## GIVEN INFORMATION
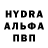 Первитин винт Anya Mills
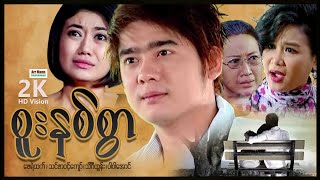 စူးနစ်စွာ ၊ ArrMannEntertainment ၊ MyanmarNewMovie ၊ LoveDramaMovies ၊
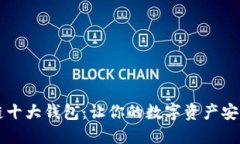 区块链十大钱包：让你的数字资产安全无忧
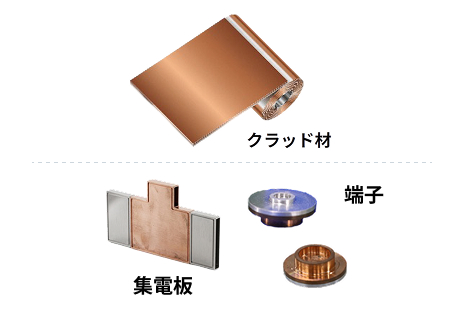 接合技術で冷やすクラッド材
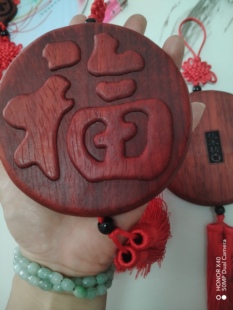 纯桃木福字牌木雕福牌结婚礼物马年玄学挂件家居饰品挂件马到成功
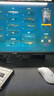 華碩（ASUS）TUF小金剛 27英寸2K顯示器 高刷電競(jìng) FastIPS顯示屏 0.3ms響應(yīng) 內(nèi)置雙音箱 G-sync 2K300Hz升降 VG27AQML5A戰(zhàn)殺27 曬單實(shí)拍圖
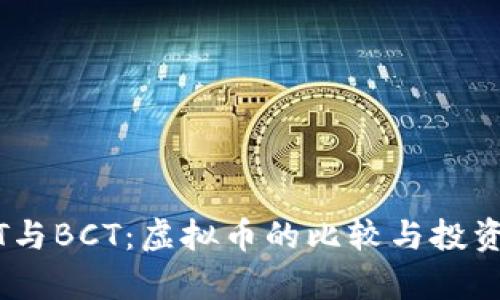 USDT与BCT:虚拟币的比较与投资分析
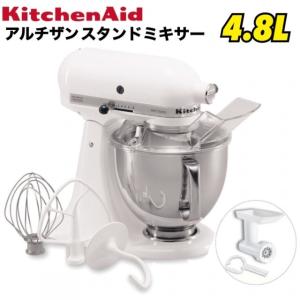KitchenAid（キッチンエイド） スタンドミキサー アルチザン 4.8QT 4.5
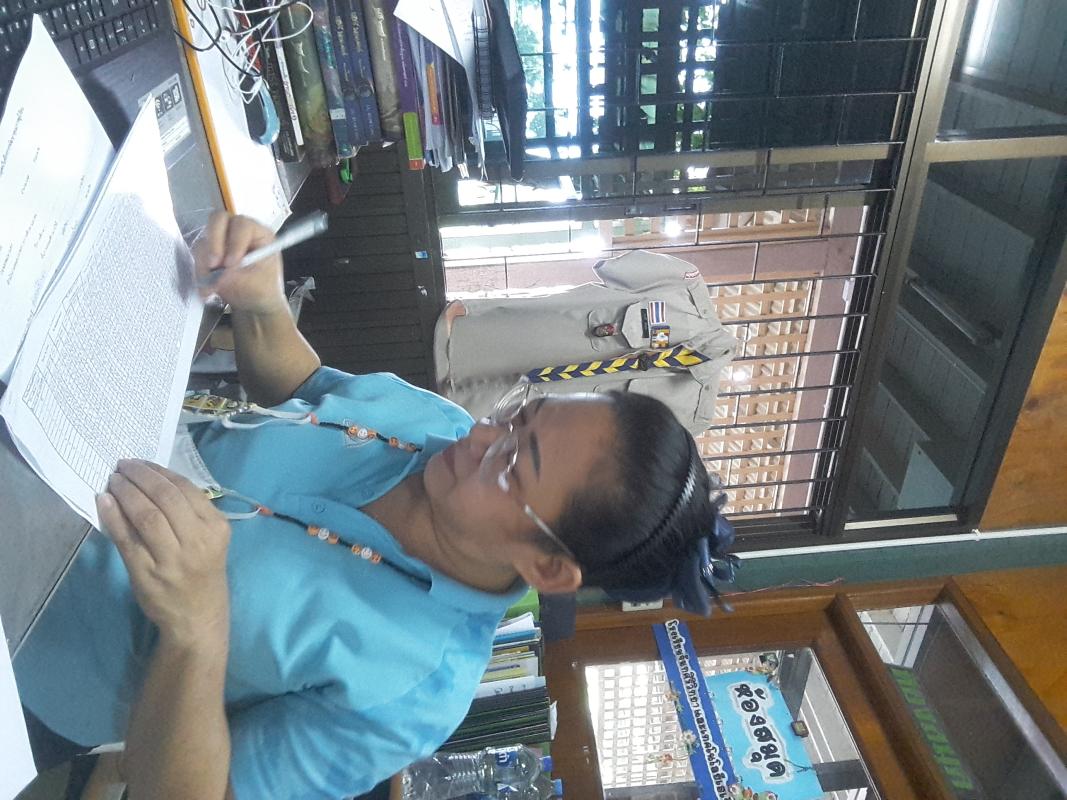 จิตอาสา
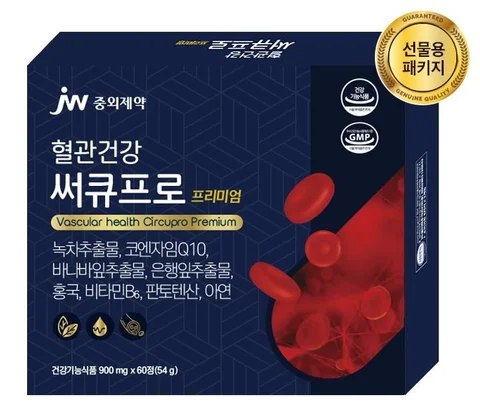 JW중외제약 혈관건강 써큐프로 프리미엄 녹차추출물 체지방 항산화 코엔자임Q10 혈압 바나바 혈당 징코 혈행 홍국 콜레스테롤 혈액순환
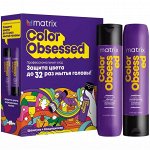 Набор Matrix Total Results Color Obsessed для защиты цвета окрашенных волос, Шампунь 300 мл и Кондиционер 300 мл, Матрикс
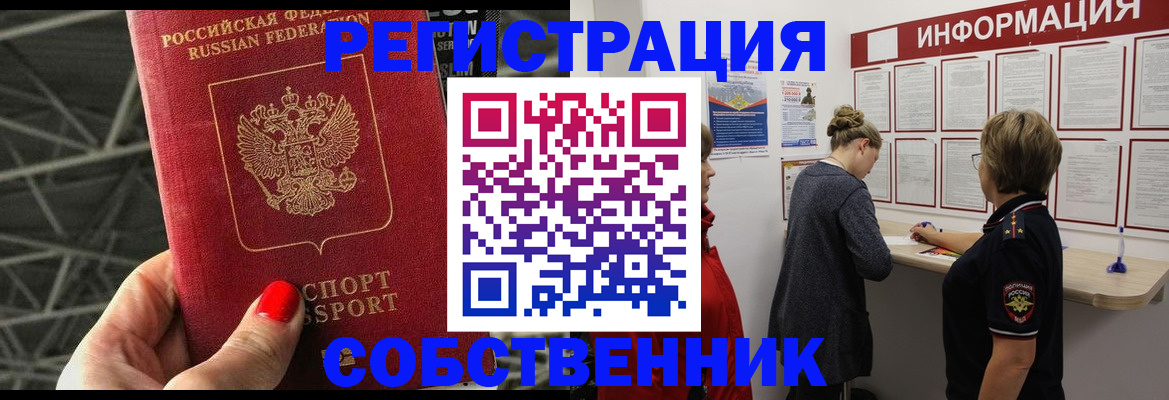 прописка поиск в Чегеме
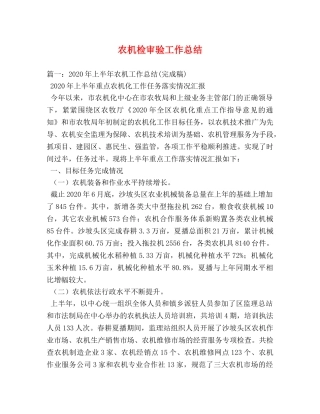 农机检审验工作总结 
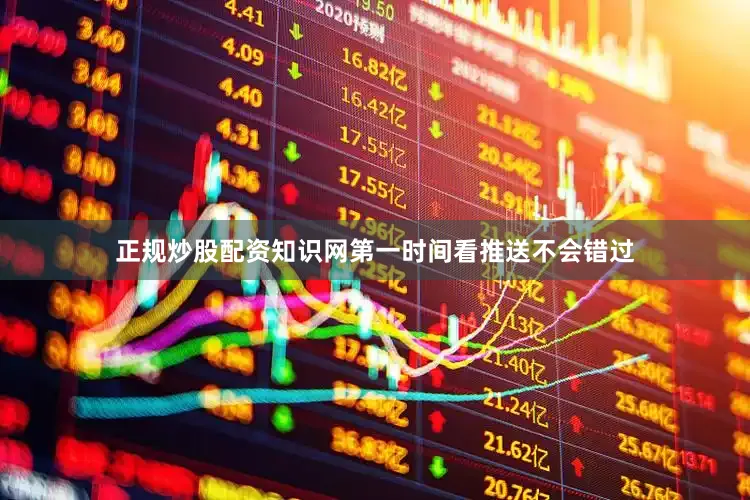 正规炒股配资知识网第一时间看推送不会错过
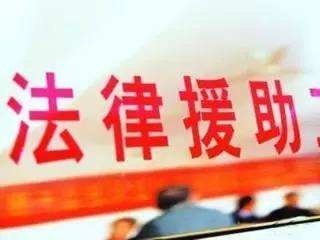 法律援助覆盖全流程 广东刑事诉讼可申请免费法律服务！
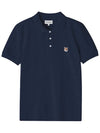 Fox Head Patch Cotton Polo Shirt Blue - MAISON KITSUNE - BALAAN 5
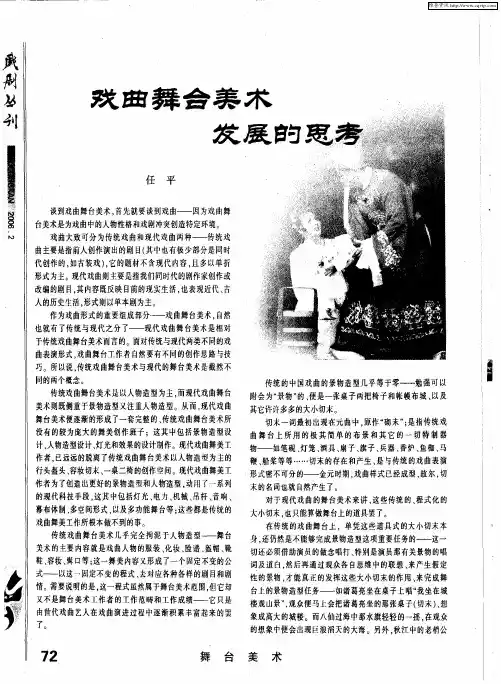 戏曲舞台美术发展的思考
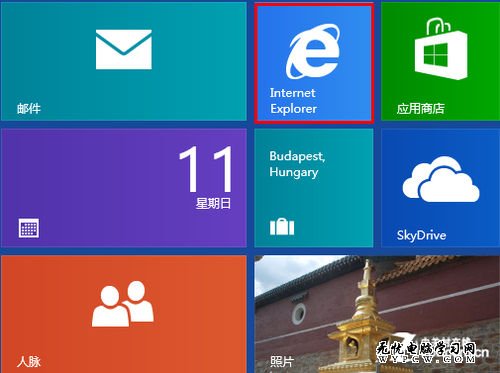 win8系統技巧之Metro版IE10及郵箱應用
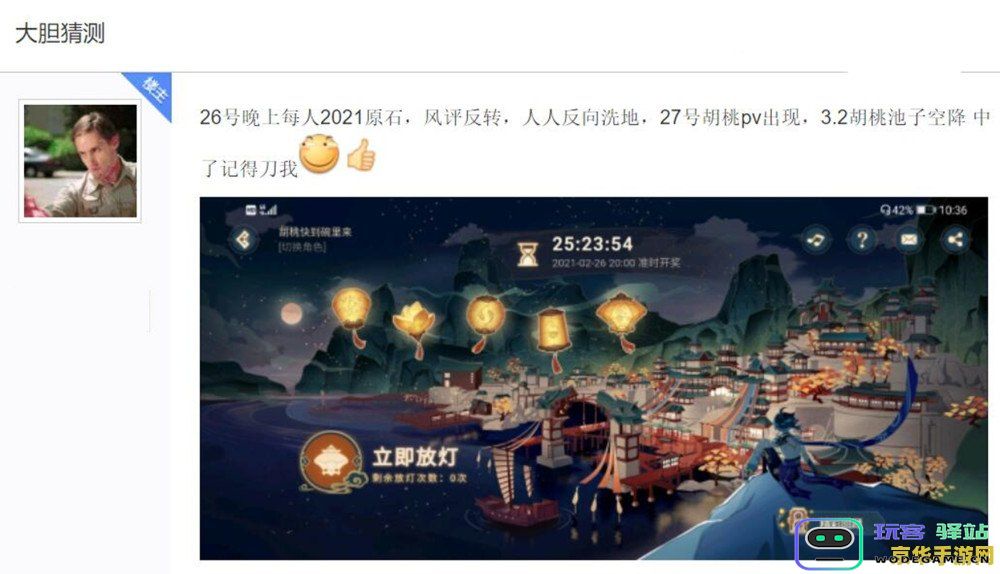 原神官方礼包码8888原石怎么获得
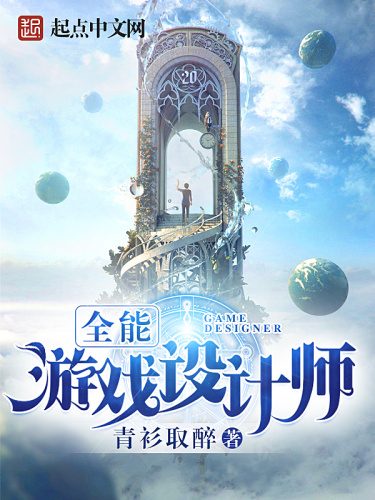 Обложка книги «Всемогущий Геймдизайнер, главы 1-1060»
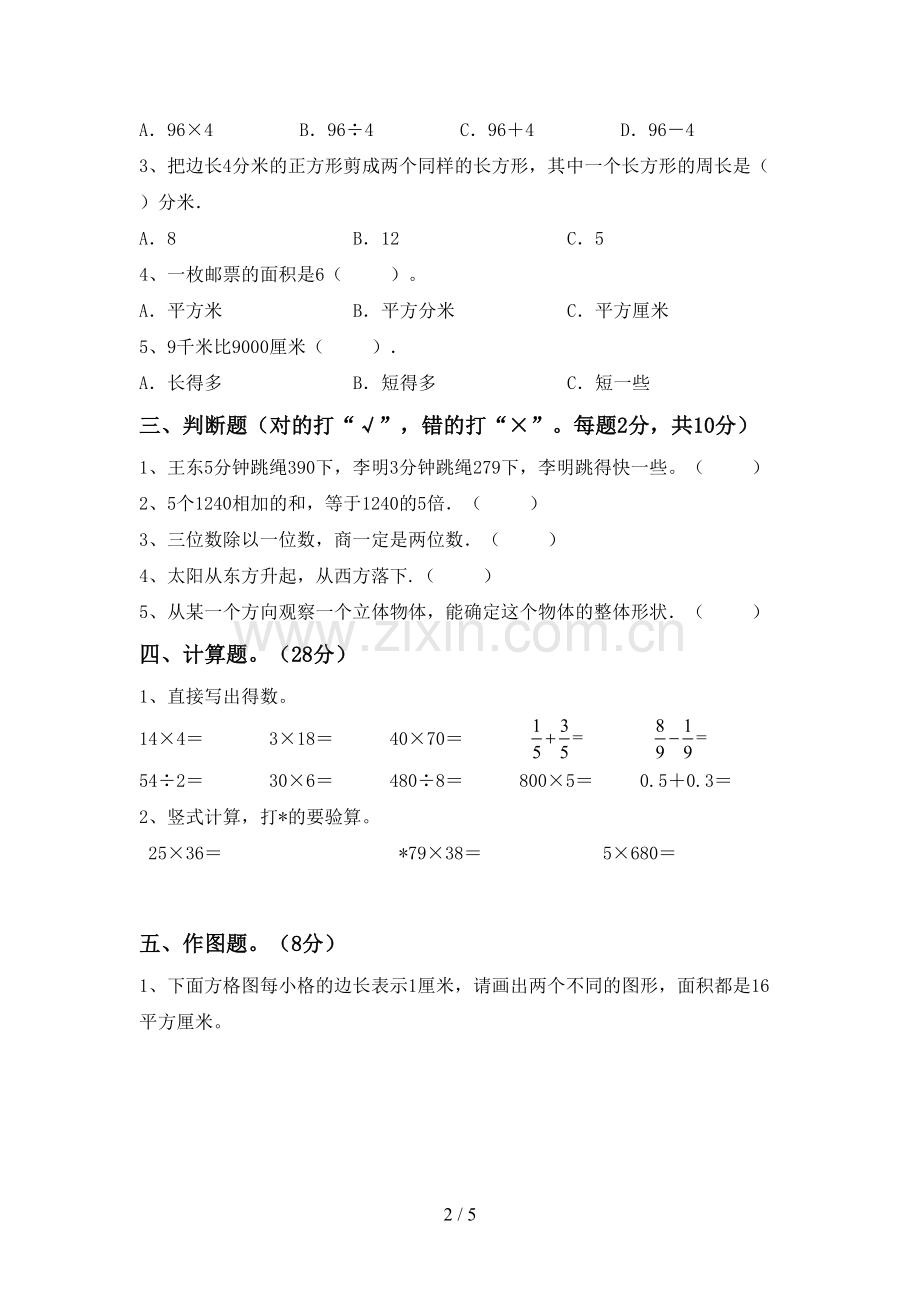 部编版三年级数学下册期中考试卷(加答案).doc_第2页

## DIRECTIONS
Every line from the start of the listing above through the line with "原神官方礼包码8888原石怎么获得" should be repeated exactly; skip the pictures and add nothing else.

## WRITTEN SOLUTION
 Первитин винт Anya Mills
 စူးနစ်စွာ ၊ ArrMannEntertainment ၊ MyanmarNewMovie ၊ LoveDramaMovies ၊
 区块链十大钱包：让你的数字资产安全无忧
 接合技術で冷やすクラッド材
 纯桃木福字牌木雕福牌结婚礼物马年玄学挂件家居饰品挂件马到成功
 華碩（ASUS）TUF小金剛 27英寸2K顯示器 高刷電競(jìng) FastIPS顯示屏 0.3ms響應(yīng) 內(nèi)置雙音箱 G-sync 2K300Hz升降 VG27AQML5A戰(zhàn)殺27 曬單實(shí)拍圖
 USDT与BCT:虚拟币的比较与投资分析
KitchenAid（キッチンエイド） スタンドミキサー アルチザン 4.8QT 4.5
 จิตอาสา
 JW중외제약 혈관건강 써큐프로 프리미엄 녹차추출물 체지방 항산화 코엔자임Q10 혈압 바나바 혈당 징코 혈행 홍국 콜레스테롤 혈액순환
 Набор Matrix Total Results Color Obsessed для защиты цвета окрашенных волос, Шампунь 300 мл и Кондиционер 300 мл, Матрикс
 прописка поиск в Чегеме
 农机检审验工作总结 
 正规炒股配资知识网第一时间看推送不会错过
 法律援助覆盖全流程 广东刑事诉讼可申请免费法律服务！
 Fox Head Patch Cotton Polo Shirt Blue - MAISON KITSUNE - BALAAN 5
 戏曲舞台美术发展的思考
 win8系統技巧之Metro版IE10及郵箱應用
 原神官方礼包码8888原石怎么获得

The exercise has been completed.